Art deems pleasure in the senses. It is something indescribable, beautiful, and almost intoxicating. To describe, poets use sense impressions like creating images similar in fiction’s, “Show don’t tell.”

Take this sample 1:

Art is

your mouth in my mouth
the fragrance of sea breeze
the drumbeat and church bells
squeaking of rubbing saw

they’re small pounds of a hammer
gliding of twigs
tinkering dishes
creation of Ikebana

Art is

the curve of your jaw
those eyes when you gaze
your untouched lips
the sweetness
when you talk fiercely

The five senses include the sense of touch, smell, sight, hearing and touch.

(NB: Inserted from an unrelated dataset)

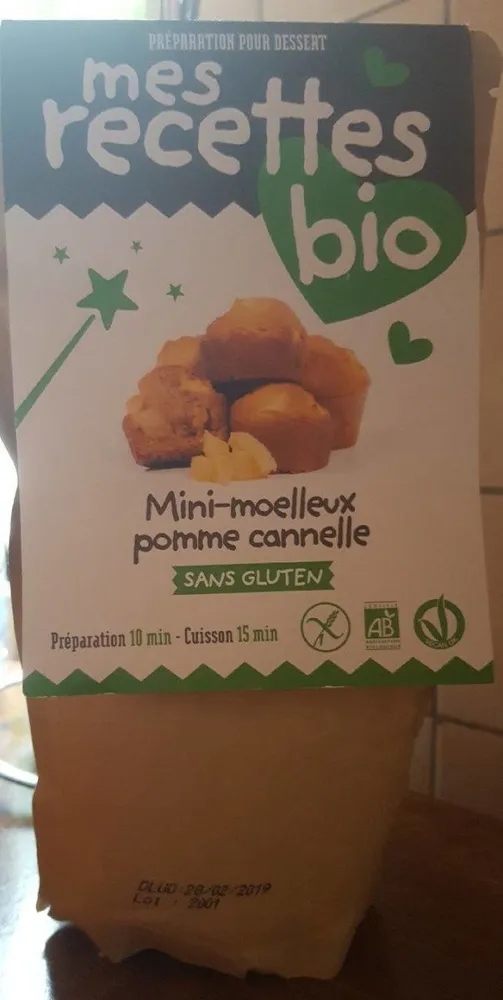 Mini-moelleux pomme cannelle Sans Gluten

An activity for students in an English class is to describe people, places and things through their five senses:

Take this sample2:

Sense of sight sun like rays of gold
Sense of taste like honey
Sense of smell brewing coffee
Sense of hearing sound of the forest
Sense of touch your pores, when they open





Description is describing the concrete attributes. One can describe using the figurative language and/or sense impressions.


1.Simile is comparing objects using “as or like.”

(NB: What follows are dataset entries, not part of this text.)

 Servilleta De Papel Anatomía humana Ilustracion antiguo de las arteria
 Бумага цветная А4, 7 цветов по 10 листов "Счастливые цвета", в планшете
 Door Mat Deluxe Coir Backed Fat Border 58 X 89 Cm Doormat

Example: Clouds are like cotton balls.

2.A metaphor is direct comparison.

Example: Clouds are cotton balls.

In some books, other than the simile; others are classification of different metaphors.

“Metaphor” is from the Greek word transfer.

3. synesthesia is a blended feeling.

“To the bugle, every color is red.” Emily Dickinson

4.personification is speech endowing human qualities to things.

Heaven cries with me.

5. synecdoche a form of substitution in whole or part

She is a heron.

6. allusion reminds of something or with reference to something

Check out the poems of Plath… (death poems)


Using the five senses will make your speech colorful and interesting. It can give depth or humor, and there’s pleasure in your expression. The exactness and profundity of choosing the right descriptions is gift.

The poet sees a lot of the world, and includes beauty and ugliness in the magic of words creating pleasure and meaning.







Let try this:

Gold
in the coming of dawn
you shepherded
to remind how love should be
perfect.

/rose, ishallwrite

1. How do you explain “gold” here?
2. Who was the shepherd?
3. What figure of speech was used?

The senses work in divine ways. It draws special images and symbols, it builds concrete assemblage of life. And though Carl Jung says “The individual is the only reality,” the poet works hard at these. He/She will describe, specifically, writing in words symbols and images where you can hold and experience something. The poet will bleed for you and you will interpret how you felt it (other than deconstructing the poem, etc) – sharp as bliss. You will come peacefully.